Hace dos días un gran hombre partió. Un hombre que no era de compromisos, era de gestos sentidos; no era de protocolos, era de actos solidarios; no era de medallas, era de despojarse del materialismo ayudando a los más necesitados; nunca dio limosnas pues nunca dio sobras; siempre dio parte de lo que tenía, no creía en Dios. Su religión fue el amor, la solidaridad, la educación como la mejor herramienta para acabar con la miseria.

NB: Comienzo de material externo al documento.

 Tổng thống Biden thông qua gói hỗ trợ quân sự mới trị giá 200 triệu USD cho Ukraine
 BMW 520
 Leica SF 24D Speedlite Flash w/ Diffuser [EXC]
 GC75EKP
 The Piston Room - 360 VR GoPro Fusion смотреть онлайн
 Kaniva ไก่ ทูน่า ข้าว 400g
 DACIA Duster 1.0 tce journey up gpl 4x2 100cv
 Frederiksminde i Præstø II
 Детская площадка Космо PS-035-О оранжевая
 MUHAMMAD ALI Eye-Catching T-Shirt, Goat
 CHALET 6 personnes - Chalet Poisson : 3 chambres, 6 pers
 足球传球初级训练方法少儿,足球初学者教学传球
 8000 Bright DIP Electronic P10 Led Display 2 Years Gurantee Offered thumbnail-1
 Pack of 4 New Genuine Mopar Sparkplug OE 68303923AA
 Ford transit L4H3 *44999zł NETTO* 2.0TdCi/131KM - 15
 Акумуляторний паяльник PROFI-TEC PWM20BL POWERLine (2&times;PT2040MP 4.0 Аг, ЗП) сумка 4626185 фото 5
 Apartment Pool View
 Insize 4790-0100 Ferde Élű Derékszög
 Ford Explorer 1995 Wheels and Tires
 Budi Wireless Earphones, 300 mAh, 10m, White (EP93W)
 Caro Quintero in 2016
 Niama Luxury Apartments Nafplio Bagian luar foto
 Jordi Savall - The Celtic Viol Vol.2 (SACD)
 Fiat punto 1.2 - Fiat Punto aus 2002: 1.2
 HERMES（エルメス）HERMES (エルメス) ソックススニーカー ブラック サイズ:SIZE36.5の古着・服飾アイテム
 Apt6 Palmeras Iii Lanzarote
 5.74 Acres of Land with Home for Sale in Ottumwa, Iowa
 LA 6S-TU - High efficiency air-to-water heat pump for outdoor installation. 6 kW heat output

Este hombre carente en momentos de ciertos hábitos, creativo, soñador, desordenado, me hizo creer que el cambio era posible, que había que sembrar, siempre decía con una sonrisa y lleno de energía y amor "hay que sembrar". Este hombre no pasó desapercibido por la vida de nadie que tuvo el placer de conocerlo, humilde, con proyectos, maestro albañil, artista, alquimista, generoso hasta decir basta, reflexivo, profundo, revolucionario, coherente, luchador hasta su muerte. Este hombre, sí, este hombre existió de verdad y se llama Gregorio Montesdeoca Rivero, y es y será mi padre. Porque sus acciones seguirán manteniéndolo vivo en todos los que dejó la suficiente huella de amor de conciencia y de sentido común para que esto no se pierda.